YOUR ASSIGNMENT - Repeat the lines of the data exactly and exclude any picture among them.

GIVEN DATA -
Start of Block
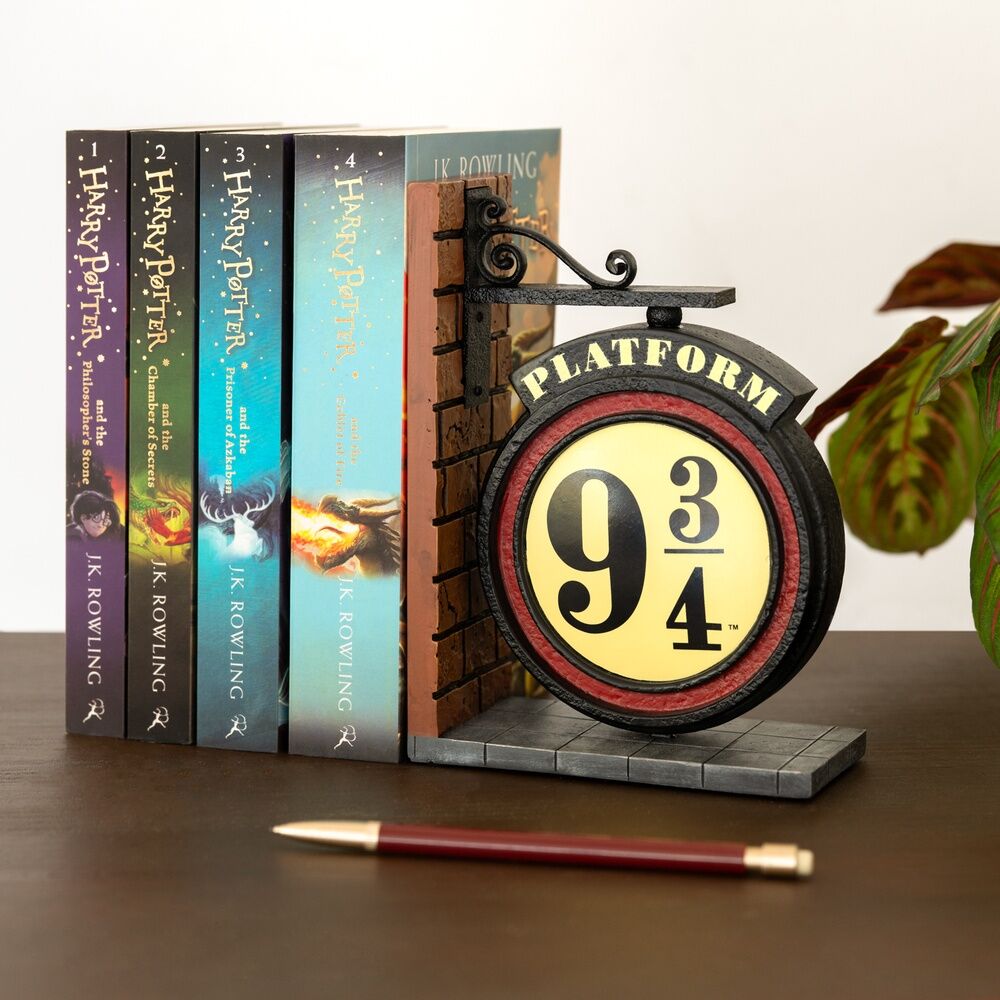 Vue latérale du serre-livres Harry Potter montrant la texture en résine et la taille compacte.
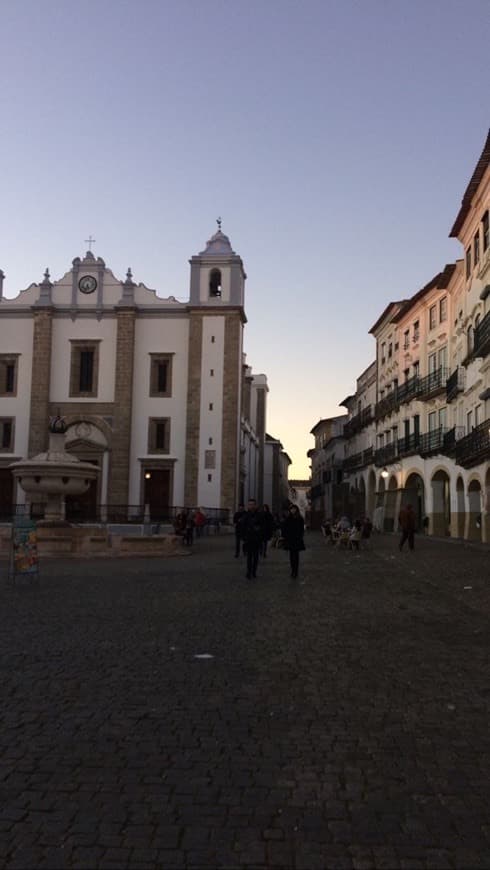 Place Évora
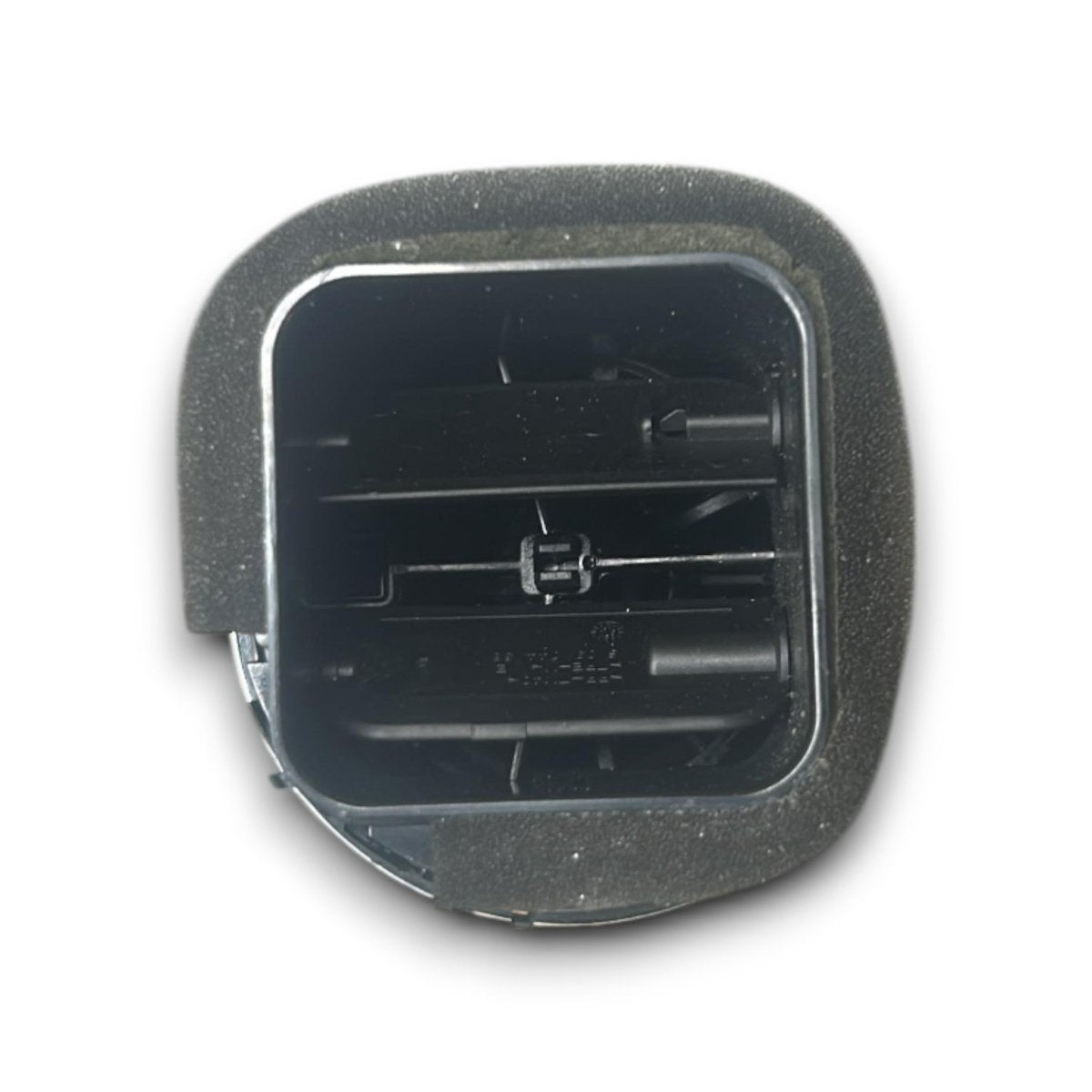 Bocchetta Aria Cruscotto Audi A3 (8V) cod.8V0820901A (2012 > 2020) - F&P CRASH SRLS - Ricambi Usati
End of Block
ANSWER TO THIS TASK -
 Vue latérale du serre-livres Harry Potter montrant la texture en résine et la taille compacte.
 Place Évora
 Bocchetta Aria Cruscotto Audi A3 (8V) cod.8V0820901A (2012 > 2020) - F&P CRASH SRLS - Ricambi Usati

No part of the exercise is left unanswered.